What is CHiME3 AV Corpus?
This new publicly available dataset is based on the benchmark audio-visual GRID corpus, which was originally developed by our project partners at Sheffield for speech perception and automatic speech recognition. The new dataset contains a range of joint audiovisual vectors, in the form of 2D-DCT visual features, and the equivalent audio log-filterbank vector. All visual vectors were extracted by tracking and cropping the lip region of a range of Grid videos (1000 videos from five speakers, giving a total of 5000 videos), and then transforming the region with 2D-DCT. The audio vector was extracted by windowing the audio signal, and transforming each frame into a log-filterbank vector. The visual signal was then interpolated to match the audio, and a number of large datasets were created, with the frames shuffled randomly to prevent bias, and with different pairings, including multiple visual frames to estimate a single audio frame (from one visual to one audio pairings, to 28 visual to one audio pairings).
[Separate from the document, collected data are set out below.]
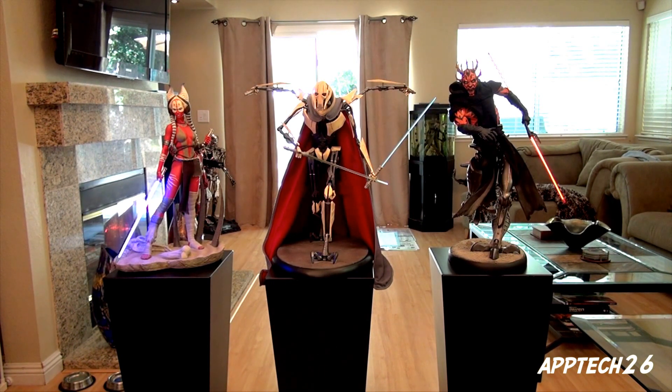I just wanted to show you the Shaak Ti with some of the other premium format Star Wars figures. She looks absolutely amazing, she fits in very well, and I'm very, very happy to own her.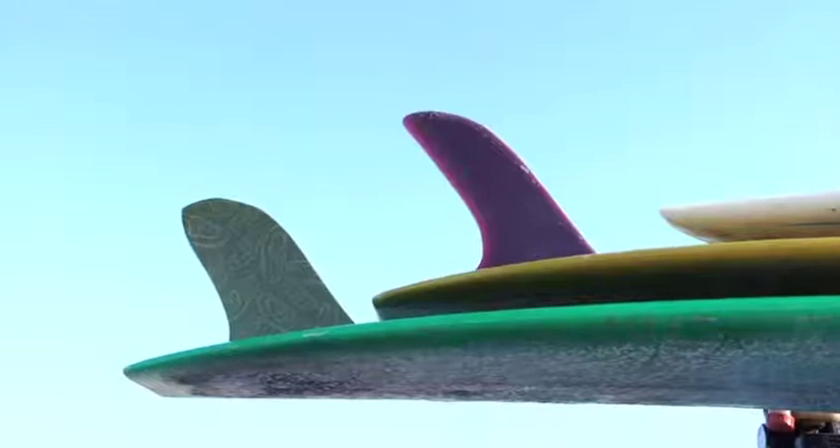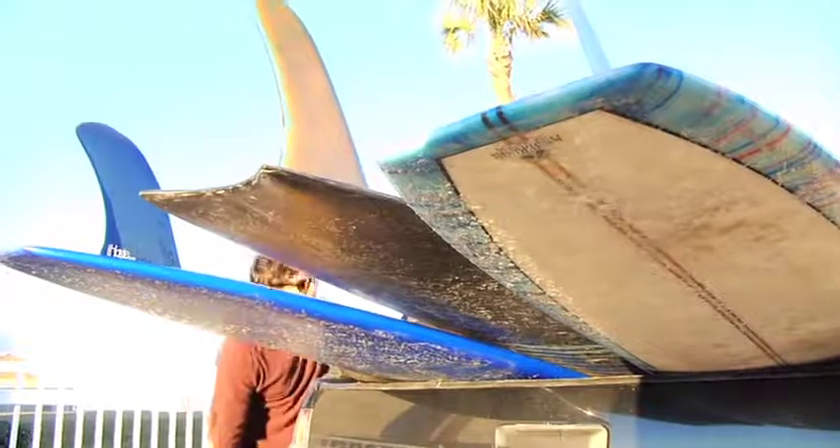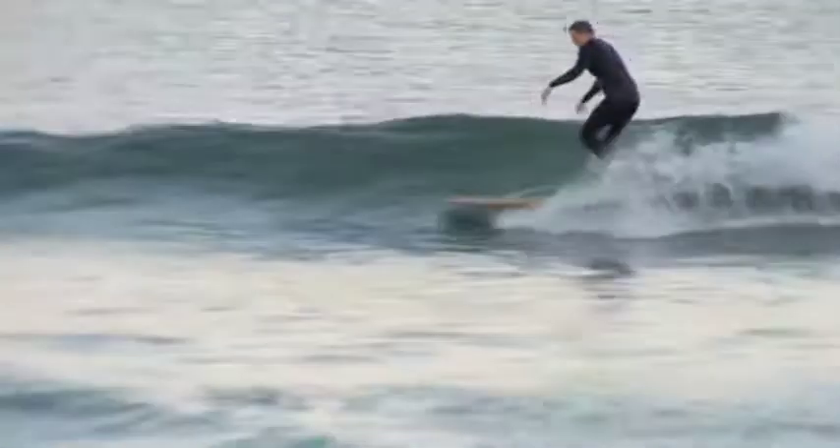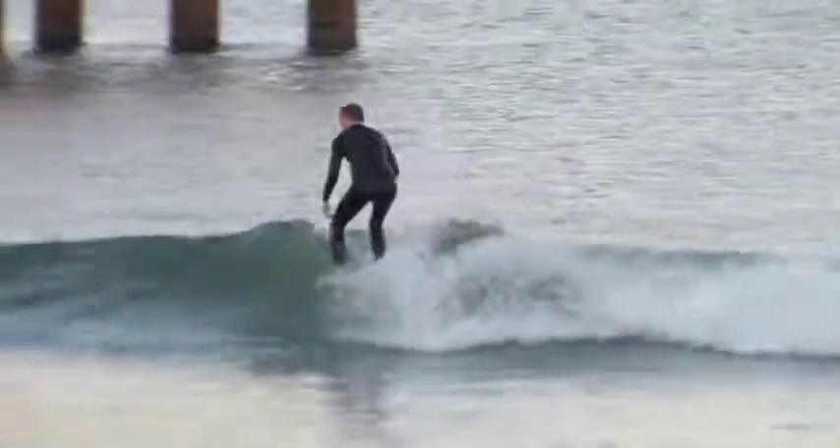Hi, I'm Torrey Strange from the Surf Station Surf Shop in St. Augustine, Florida, and I'm here today to tell you about fins in longboards. How many fins do you want? The single fin rides great — this is where it all started. A single fin glides well through the wave, it turns well, it nose rides well. It's trusted by longboard surfers the world over.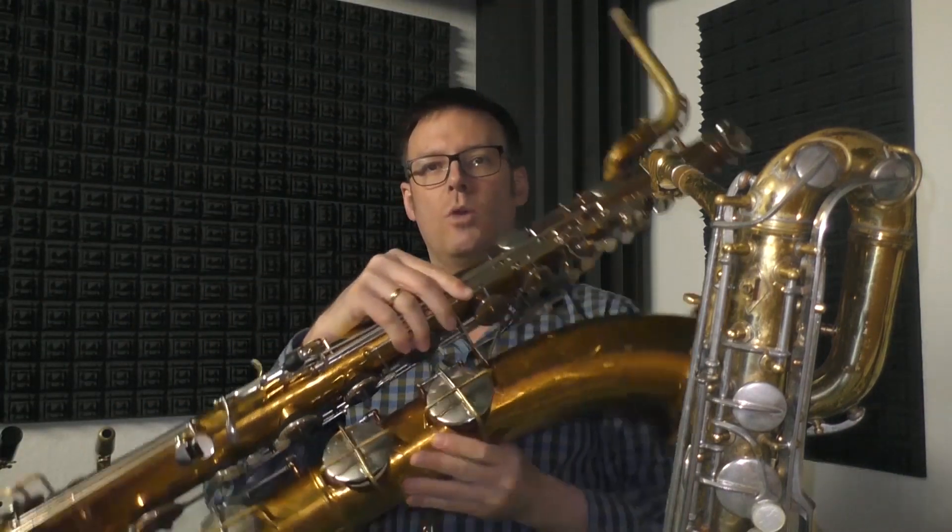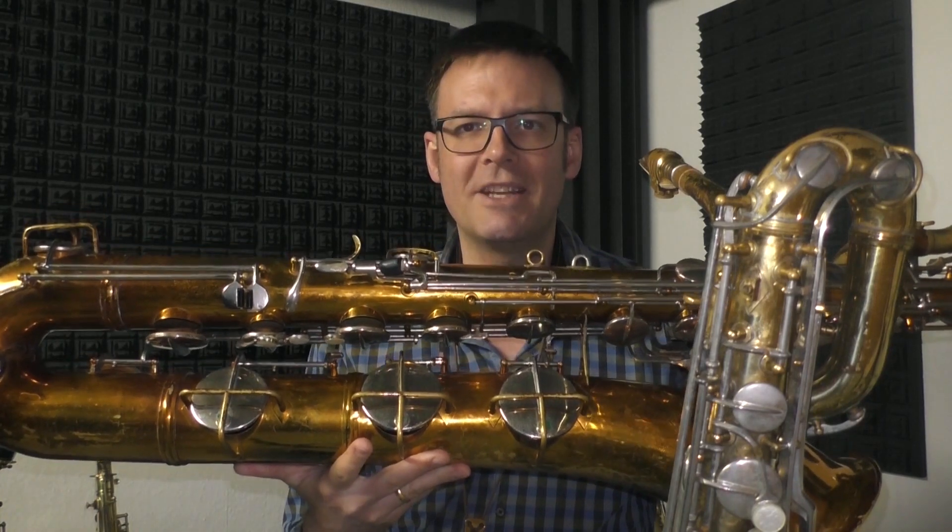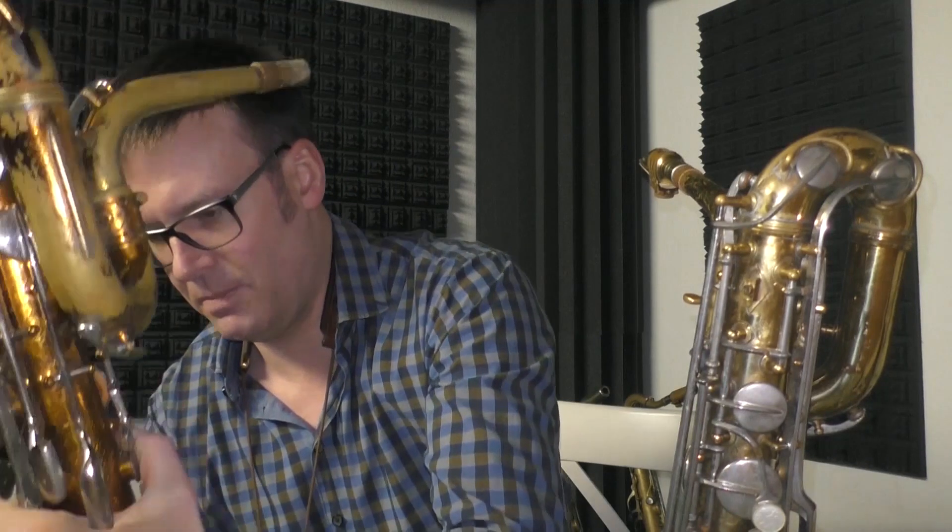I can say right now: neither one is better, and I will explain the reason why in this video. For some general remarks about what I'm comparing — on the one hand, there is the CON-12M low B-flat baritone saxophone, which is from around the mid-1960s. On the other hand, we have the CON-11M low A baritone saxophone, from around the mid-1970s — about 10 to 15 years younger.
This dataset will enable researchers to evaluate how well audio speech can be estimated using visual information only. Specifically, the application of novel speech enhancement algorithms (including those based on advanced machine learning), can be used to evaluate the potential of exploiting visual cues for speech enhancement.
Acknowledgements
This research was funded by the UK Engineering and Physical Sciences Research Council (EPSRC project AV-COGHEAR, EP/M026981/1)
Download
Please email cogbid {AT} gmail.com for getting access to the CHiME3 AV Corpus and cite the following article if you make use of the dataset.
Citing the corpus
@article{ adeel2020contextual, title={Contextual deep learning-based audio-visual switching for speech enhancement in real-world environments}, author={Adeel, Ahsan and Gogate, Mandar and Hussain, Amir}, journal={Information Fusion}, volume={59}, pages={163--170}, year={2020}, publisher={Elsevier} }
Adeel, Ahsan, Mandar Gogate, and Amir Hussain. "Contextual deep learning-based audio-visual switching for speech enhancement in real-world environments." Information Fusion 59 (2020): 163-170.